▶ _What you will do_
Restate the lines word for word, from the first line of the records through the line containing "1PC Red Round". Leave out the pictures and anything after that line.

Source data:
__________________________________________________

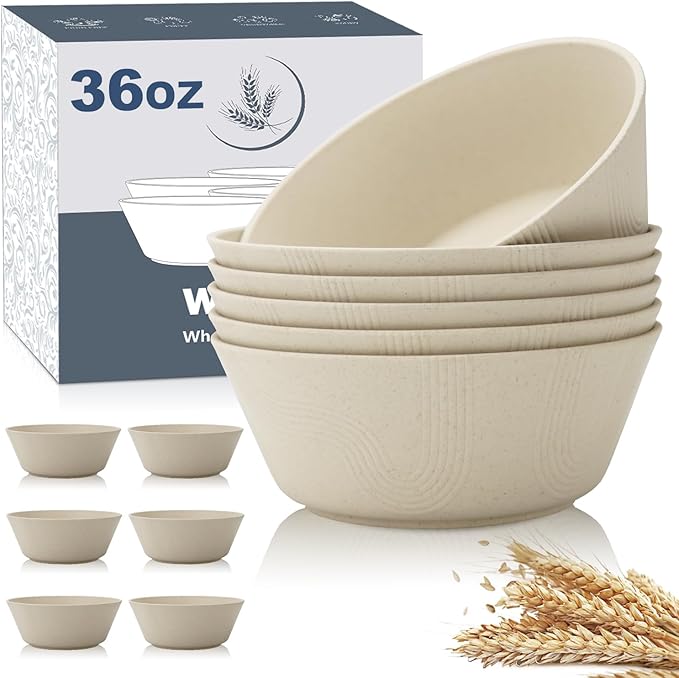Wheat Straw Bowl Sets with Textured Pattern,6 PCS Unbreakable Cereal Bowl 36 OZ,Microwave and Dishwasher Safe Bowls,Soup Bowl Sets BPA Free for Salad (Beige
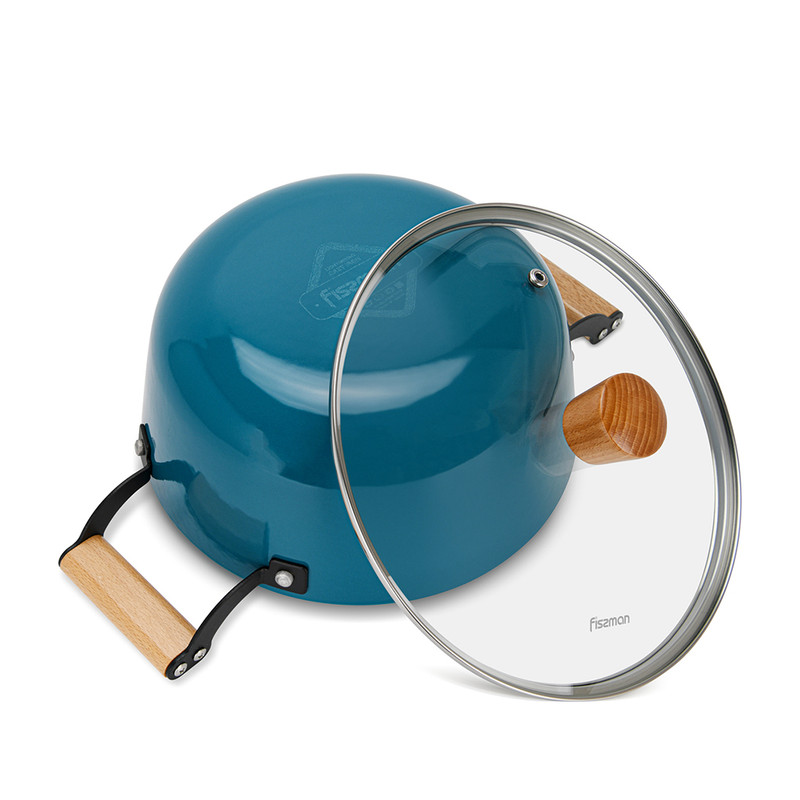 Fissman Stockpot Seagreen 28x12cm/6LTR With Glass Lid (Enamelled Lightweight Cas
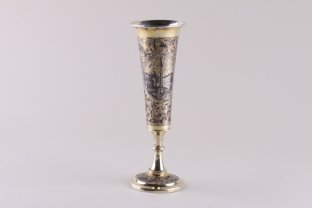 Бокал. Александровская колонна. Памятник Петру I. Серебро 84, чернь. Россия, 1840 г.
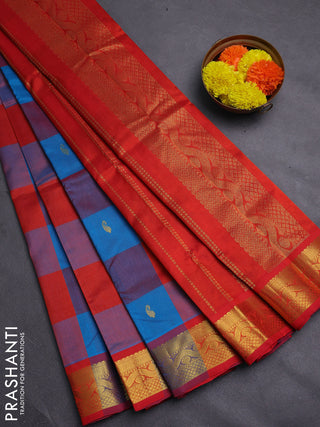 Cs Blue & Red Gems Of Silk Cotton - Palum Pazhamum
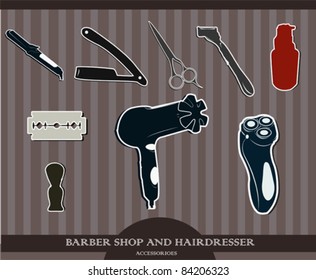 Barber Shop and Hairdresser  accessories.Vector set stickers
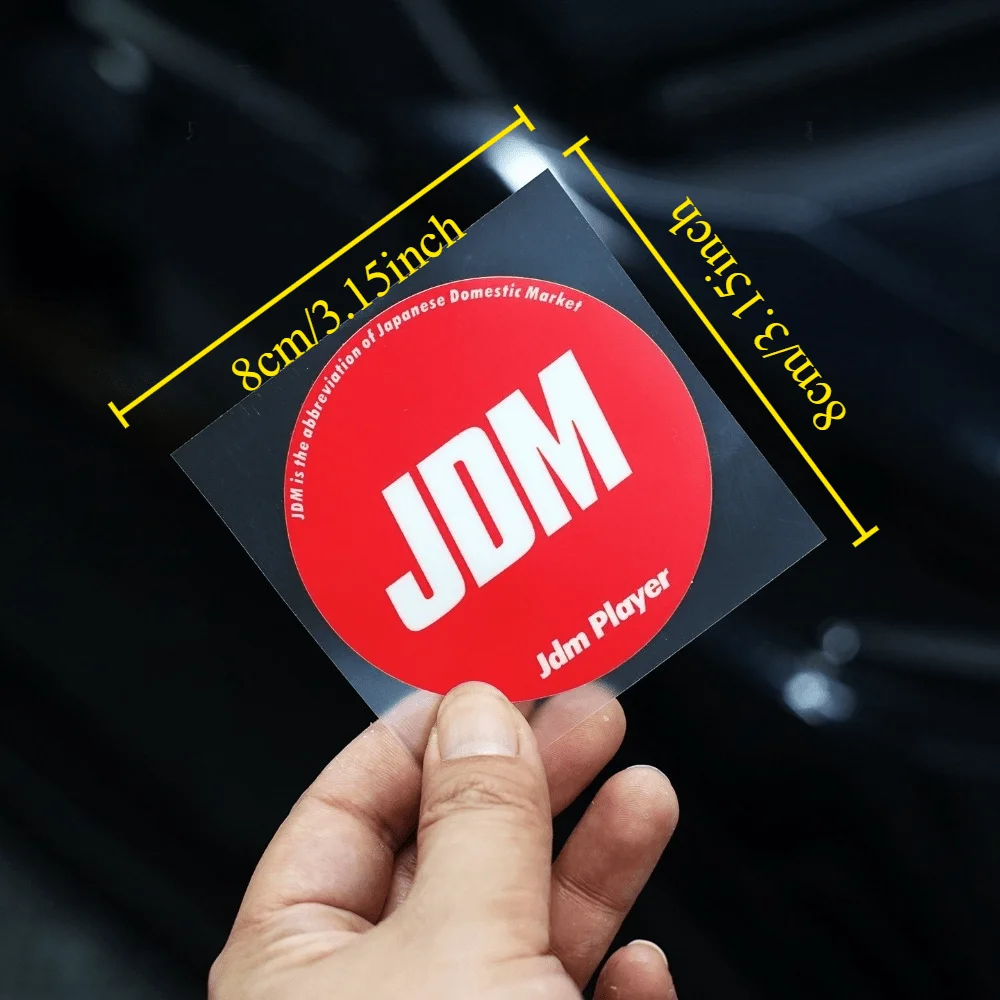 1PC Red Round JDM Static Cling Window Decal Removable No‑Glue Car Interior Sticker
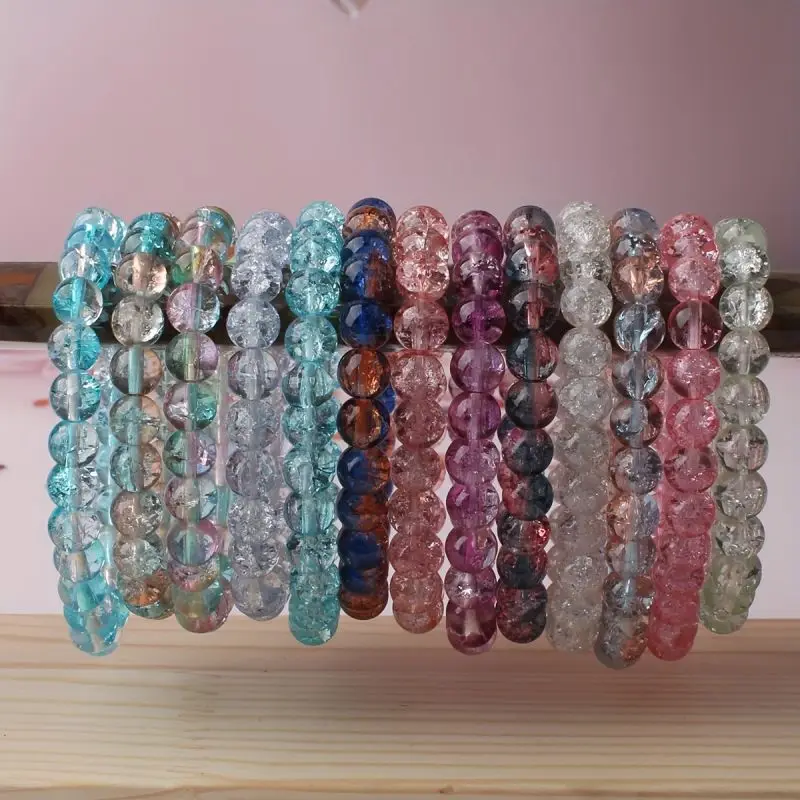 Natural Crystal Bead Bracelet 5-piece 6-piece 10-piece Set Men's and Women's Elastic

__________________________________________________

▶ _Response area_
Wheat Straw Bowl Sets with Textured Pattern,6 PCS Unbreakable Cereal Bowl 36 OZ,Microwave and Dishwasher Safe Bowls,Soup Bowl Sets BPA Free for Salad (Beige
 Fissman Stockpot Seagreen 28x12cm/6LTR With Glass Lid (Enamelled Lightweight Cas
 Бокал. Александровская колонна. Памятник Петру I. Серебро 84, чернь. Россия, 1840 г.
 Cs Blue & Red Gems Of Silk Cotton - Palum Pazhamum
 Barber Shop and Hairdresser  accessories.Vector set stickers
 1PC Red Round JDM Static Cling Window Decal Removable No‑Glue Car Interior Sticker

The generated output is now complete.